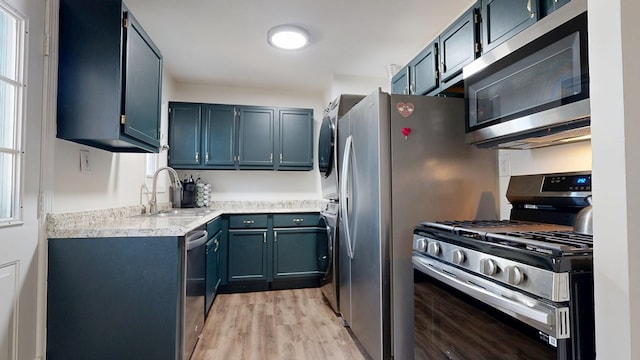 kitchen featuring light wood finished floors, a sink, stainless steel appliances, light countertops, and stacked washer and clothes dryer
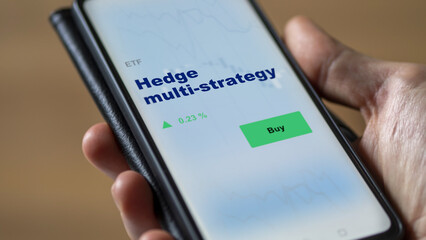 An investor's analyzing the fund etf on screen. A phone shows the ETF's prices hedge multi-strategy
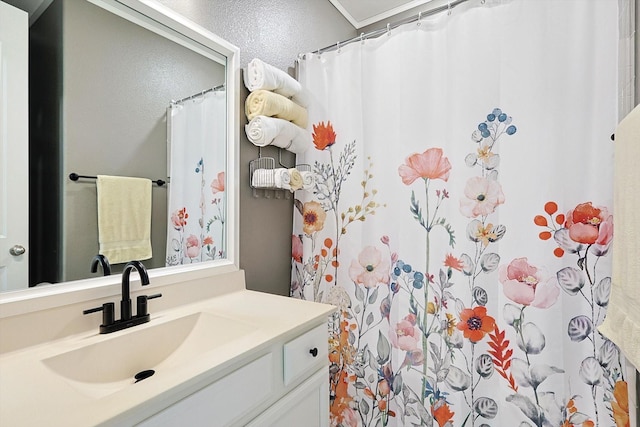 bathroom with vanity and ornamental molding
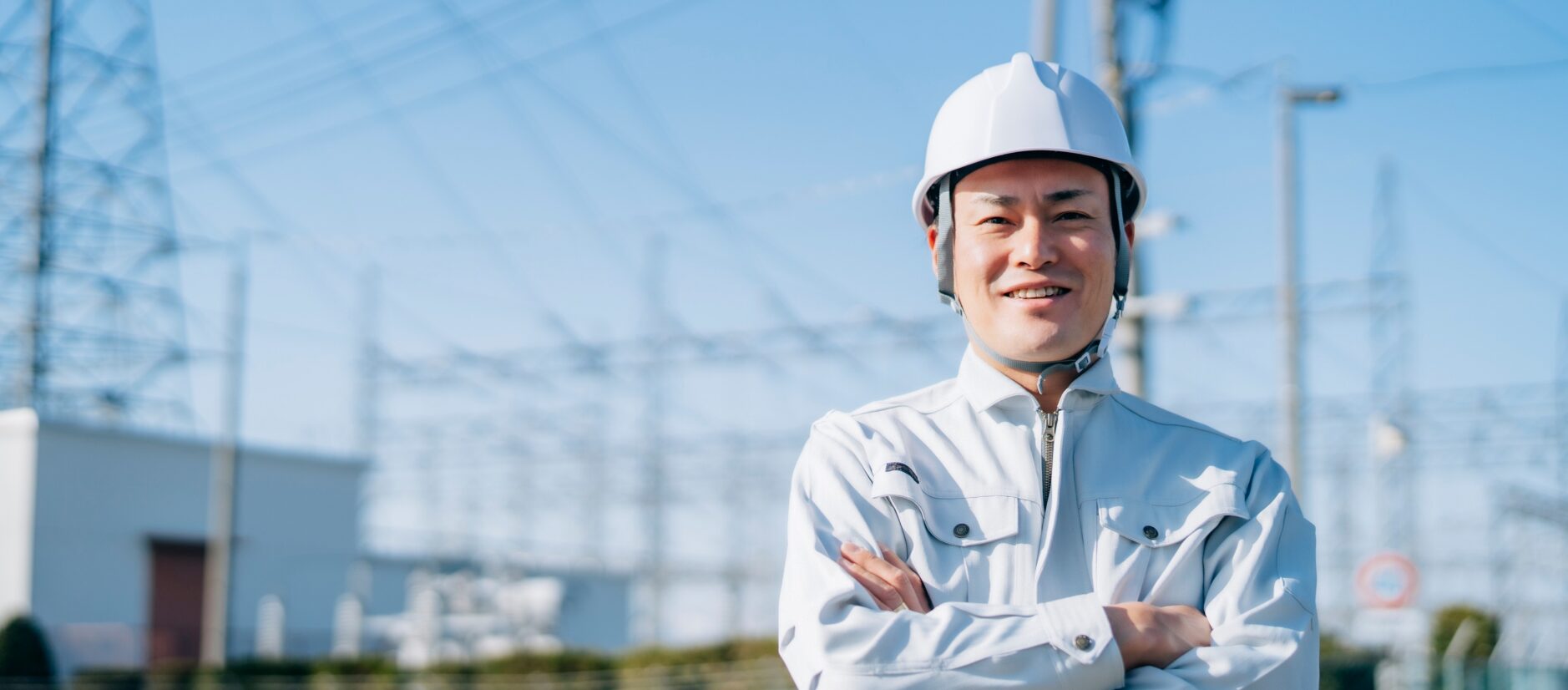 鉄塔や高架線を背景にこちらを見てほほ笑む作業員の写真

.....

THE PROBLEM :: Write out exactly and only the lines that run from the start of the data above through the line containing "bathroom with vanity and ornamental molding", leaving the pictures out.

EXERCISE ANSWER ::
 kitchen featuring light wood finished floors, a sink, stainless steel appliances, light countertops, and stacked washer and clothes dryer
 An investor's analyzing the fund etf on screen. A phone shows the ETF's prices hedge multi-strategy
 bathroom with vanity and ornamental molding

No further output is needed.